Mit BISS: Erfolgreiche Integration
„Ich bin so froh, dass ich es endlich geschafft habe“, so Ehab Alsakhen zu seiner erfolgreich abgeschlossenen Berufsausbildung zum Medizinisch-Radiologischen Assistenten.
Der Syrer kam 2015 als 16-jähriger mit seiner sechsjährigen Schwester gemeinsam und doch allein nach Deutschland. Kurze Zeit später kamen seine Mutter und die zwei Brüder nach, gemeinsam lebten sie zunächst in Löwenstedt, später in Viöl. „Das war gut, in diesen Dorfgemeinschaften zu leben, die Menschen waren sehr nett zu uns“, erzählt er.

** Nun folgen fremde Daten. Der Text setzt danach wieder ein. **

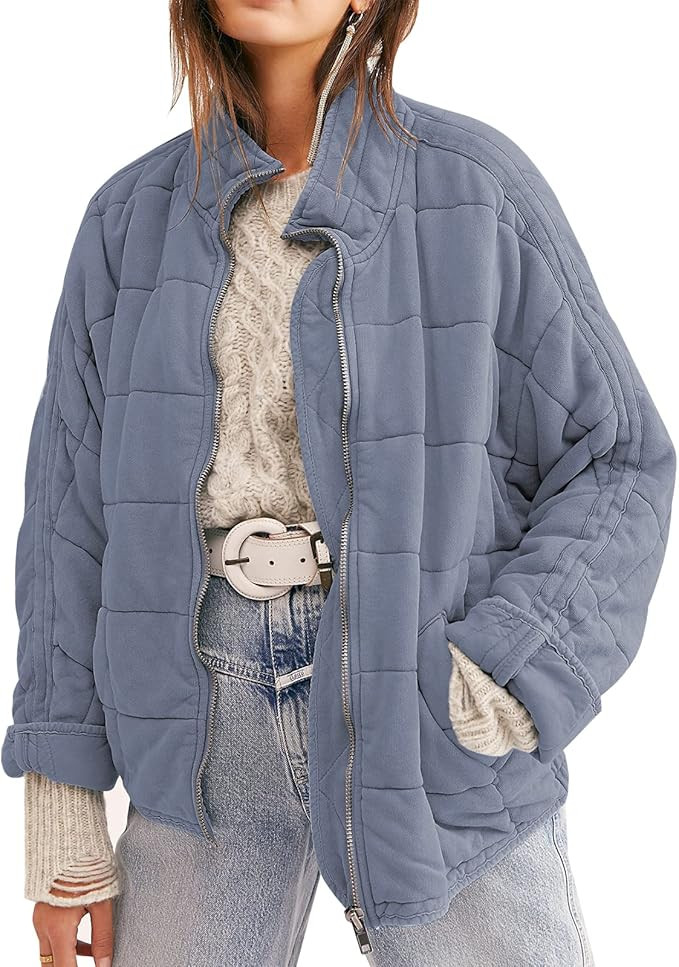 ETCYY Women's Causal Lightweight Quilted Jackets Long Sleeve Oversized Warm Winter Zip Up Coat wi... | Amazon (US)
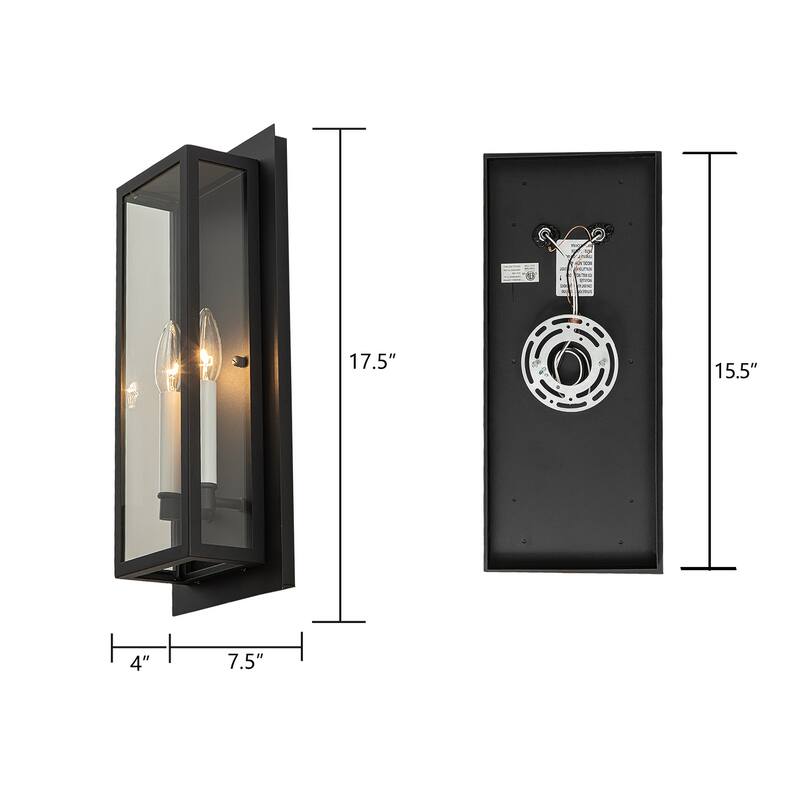 17.5" modern wall sconce with candelabra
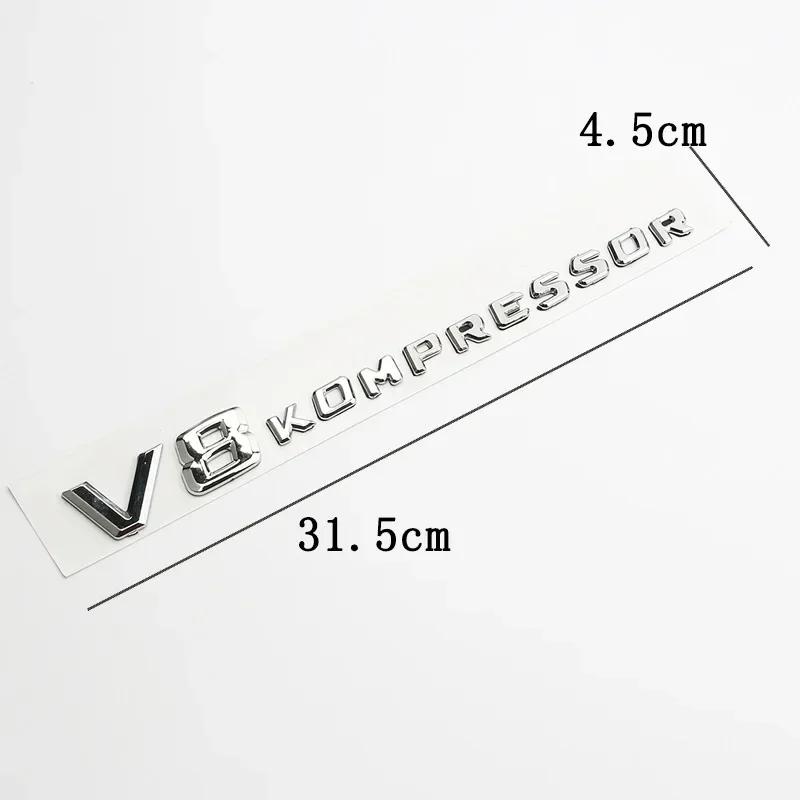 3D ABS V8 V12 KOMPRESSOR Letters Side Fender Emblem Badge Sticker For Benz C E S R CLA CLS CLK SLK SLR AMG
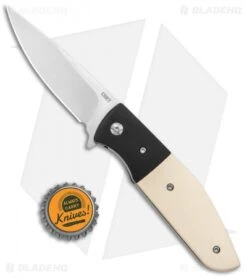 CRKT Curfew Spring Assisted Knife White Fiber/Black Aluminum (3.1" Satin) -Crkt Shop CRKT Curfew REsin Handle LL DP Satin BHQ 138959 jr bottlecap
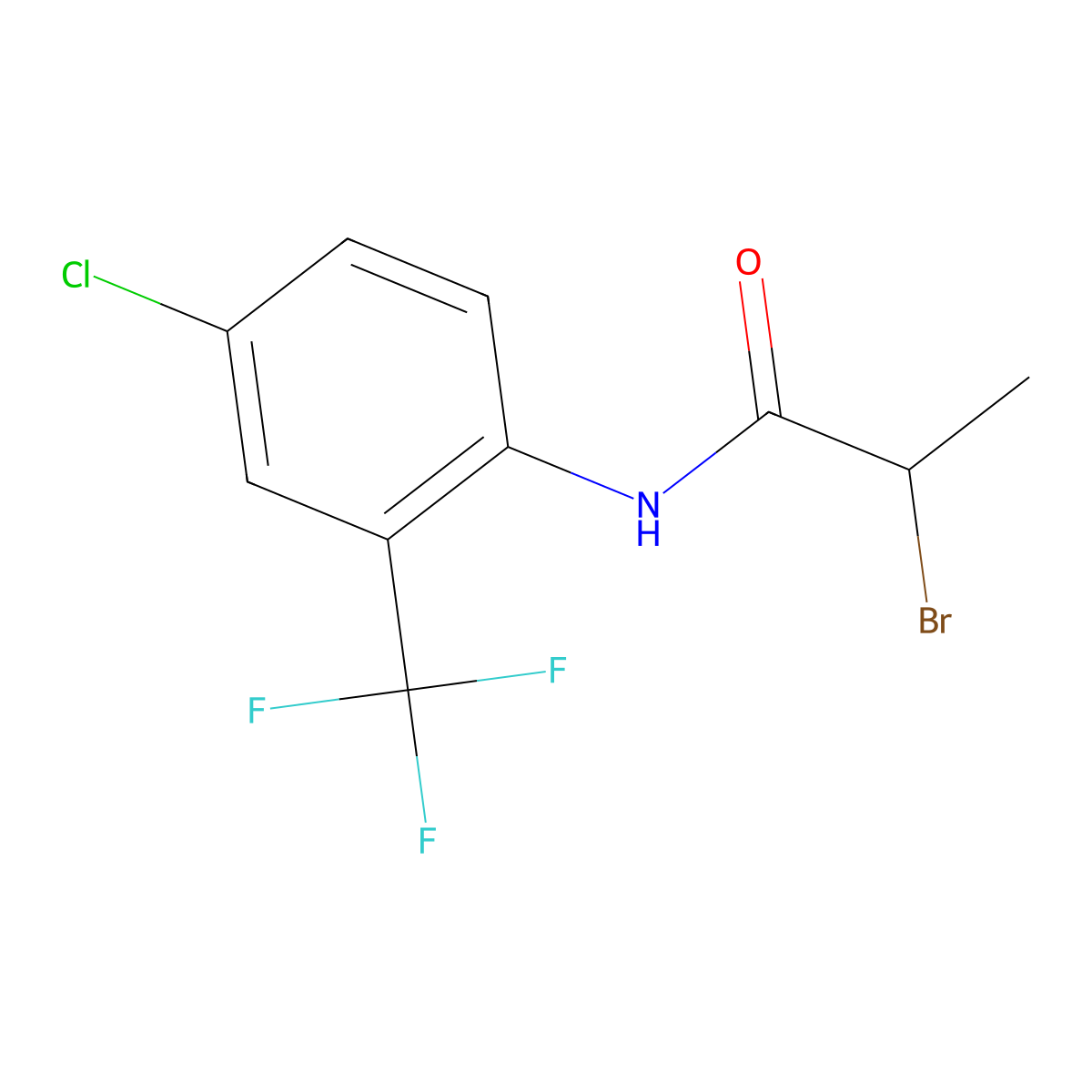 2-Bromo-N-[4-chloro-2-(trifluoromethyl)phenyl]propanamide molecular structure, CAS 1934109-24-6
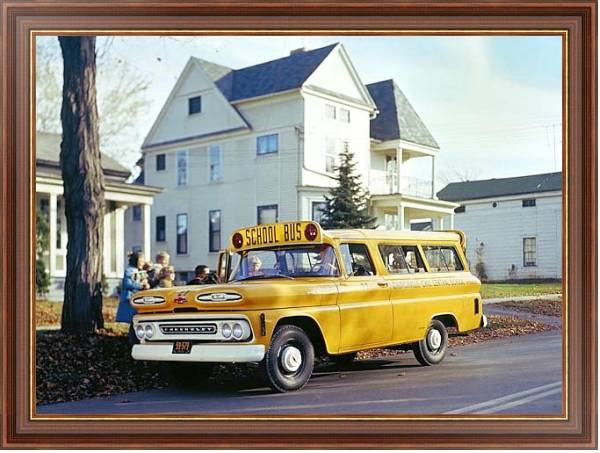 Постер Chevrolet Suburban School Bus '1959 с типом исполнения На холсте в раме в багетной раме 35-M719P-83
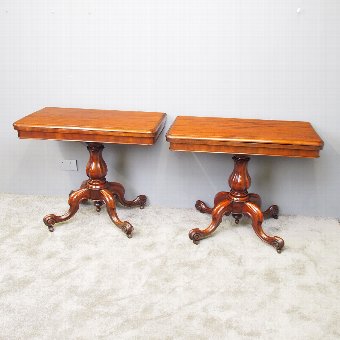 Pair of Victorian Mahogany Card Tables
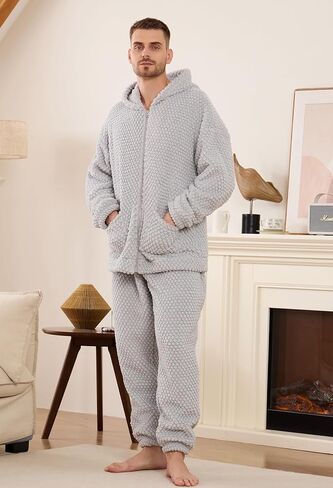 Vulcanodon Mens Plush Hooded Zipper Pajama Set, Soft Warm Long Sleeve Sleepwear with Pockets Fluffy Fuzzy Cozy Pjs in Kuwait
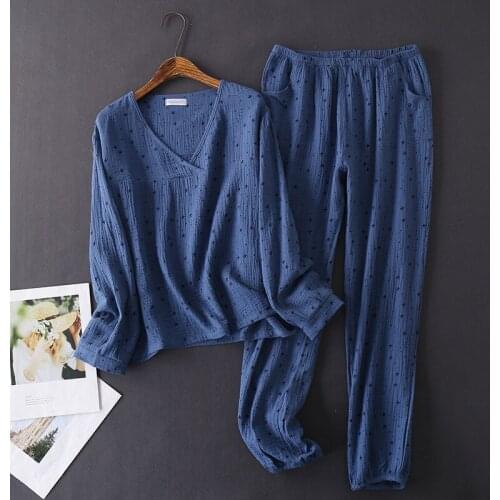 Japanese Style Spring and Autumn Womens 100% Cotton Crepe Long-sleeved Trousers Pajamas Comfortable Home Wear Pajama Set Women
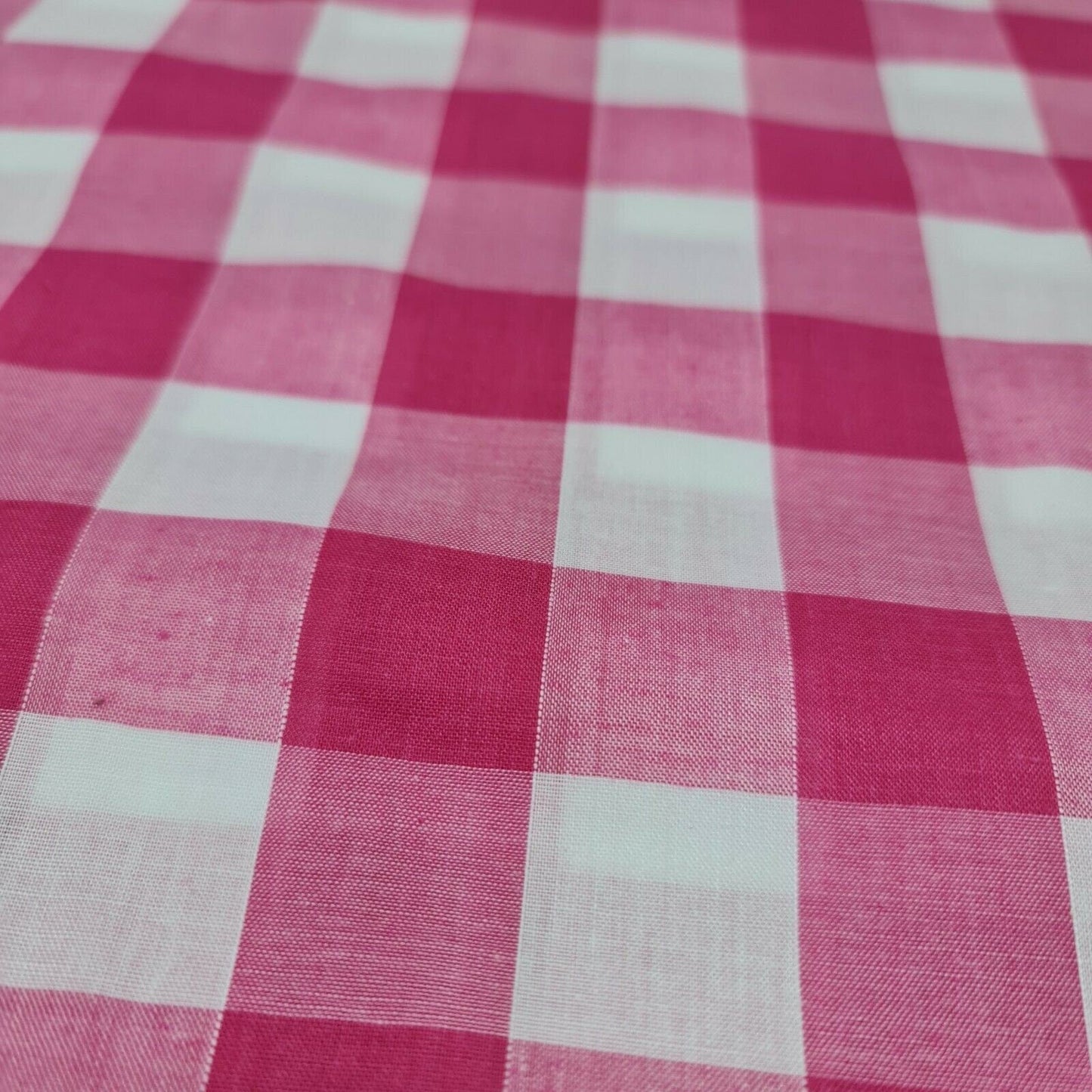 Polycotton Gingham Check Fabric – 1/8", 1/4", 1" Checks | Dress, Craft & Uniform Material (44” Wide, Sold by the Meter)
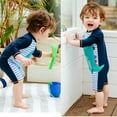 thumbnail image 4 of MXIEZI 1-7 Years Old Boys Girls 3/4 Sleeve Swimsuits Kids Cartoon UV 50+ One Pieces Bathing Suits Printing Swimsuit, 4 of 9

Ehab Alsakhen besuchte die DaZ-Klasse (Deutsch als Zweitsprache) der Beruflichen Schulen in Husum, bereits nach kurzer Zeit wechselte er an eine weiterführende Schule, dort bestätigte er seinen bereits in Syrien absolvierten mittleren Bildungsabschluss. Weiter ging es für ihn mit den nötigen Deutschkursen, die er mit guten Noten bestand. Doch es ging nicht nur ums Lernen, regelmäßig war er Besucher im städtischen Kinder- und Jugendforum BISS in der Innenstadt. „Das war sehr hilfreich. Dort waren viele meiner Landsleute, wir haben gekickert, Tischtennis und Fußball gespielt. Und die Mitarbeitenden im BISS hatten immer ein offenes Ohr für mich, da konnte ich meine Sorgen auch einmal loslassen.“
Später arbeitete Ehab Alsakhen im BISS im Zuge der Ferienpassaktionen mit und finanzierte sich so den PKW-Führerschein. Im Sommer2018 nahm er die Ausbildung zum Medizinisch-Radiologischen Assistenten in Heide auf. „Die erste Unterrichtsstunde war die schlimmste, ich habe nicht ein Wort verstanden“, erinnert er sich und lacht, sichtlich erleichtert von den verflogenen Anspannungen der letzten Prüfungswochen. Eine Anstellung in seinem gelernten Beruf hat er bereits gefunden. „Ich werde nun etwas Geld verdienen und vielleicht noch ein Studium beginnen. Das wird sich zeigen“, blickt er optimistisch in die Zukunft.
Das Ausbildungszertifikat zeigte er zunächst dem BISS-Team, das sich sichtlich freute und ihm zum Erfolg gratulierte. „Die BISS-Leute sollten es zuerst erfahren“, so Ehab Alsakhen.